Oum Mahmoud nous raconte à son tour, que plusieurs hommes ont demandé la main de sa seconde fille, âgée de trente ans : « Ils viennent et nous disent "on va changer votre vie. Notre situation financière est très bonne et si vous acceptez notre proposition, nous vous apporterons des chaises" ».
Abou Mohammad dénonce ces demandes en mariage, faites en échange d’une aide. Pour l’activiste syrien, membre d’une association d’aide aux réfugiés, cela cache bien souvent des pratiques indécentes. « Ces hommes maltraitent les femmes. Ils profitent de leur vulnérabilité pour satisfaire leur désir personnel. En échange de leur aide, ils demandent des contreparties », s'indigne-t-il. A ses yeux, « cette manière de se marier est inadmissible. Ces pratiques sont semblables à un acte de vente et d’achat. Cela permet à l’homme d’assouvir ses besoins, et de laisser tomber la fille après ».
Pression familiale, milieu conservateur, les victimes syriennes ont peur de parler.
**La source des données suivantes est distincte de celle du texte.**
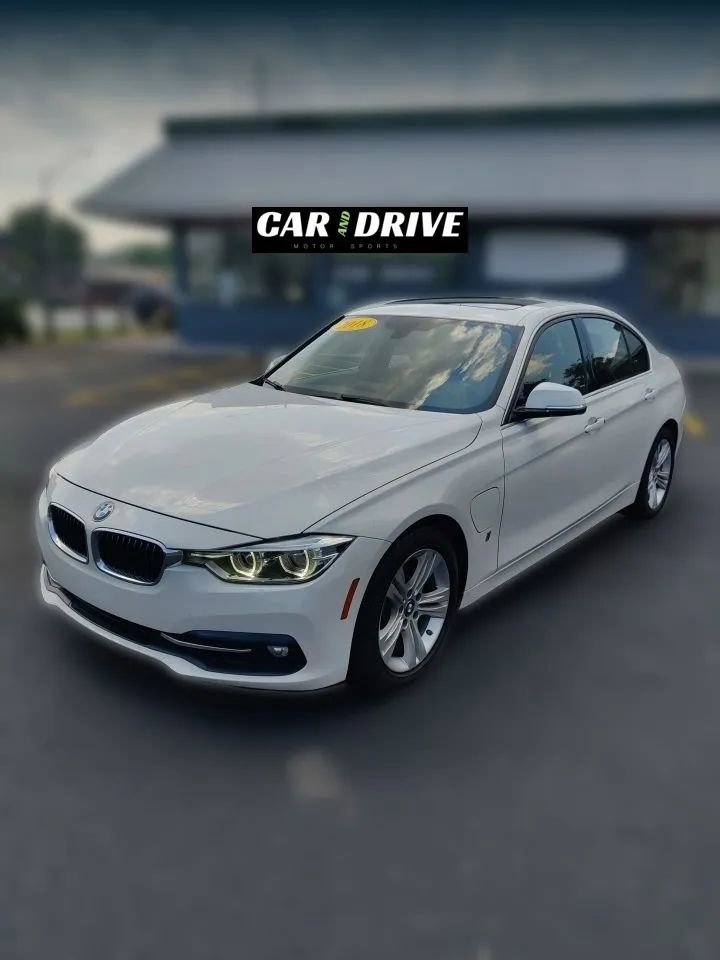 Used 2018 BMW 330e 330e iPerformance Sedan 4D image 6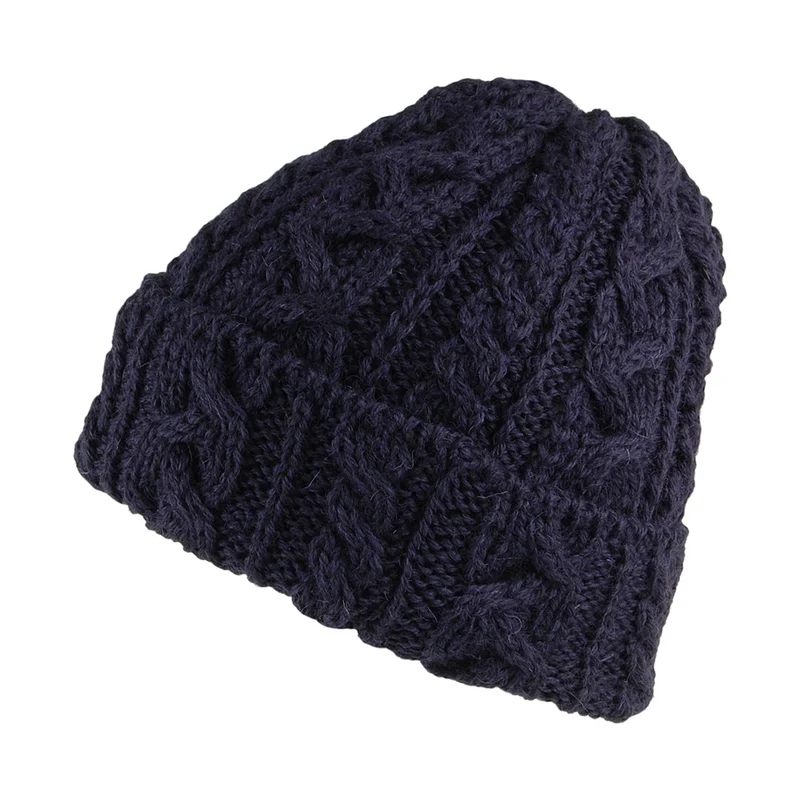 Bonnet en Laine Anglaise à Torsades et Revers bleu marine HIGHLAND 2000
Elles craignent des représailles pouvant parfois être mortelles. Jusqu’ici, le Haut Commissariat des Nations unies pour les réfugiés, n’a recensé que quelques cas, comme nous explique Anna Leer, chargée de Protection au HCR : « A l’heure actuelle, nous ne pouvons pas confirmer s’il s’agit d’un phénomène de grande ampleur au sein de ces communautés ou s’il s’agit de cas isolés. On nous a signalés une poignée de cas de jeunes filles forcées par leur famille au mariage».
Selon le HCR, 80% des réfugiés syriens au Liban, sont des enfants et des femmes. Toutes ont fui précipitamment leur pays, laissant derrière elles maison et effets personnels. Mais au-delà des difficultés matérielles, pour certaines victimes, il y a la souffrance morale et l’humiliation.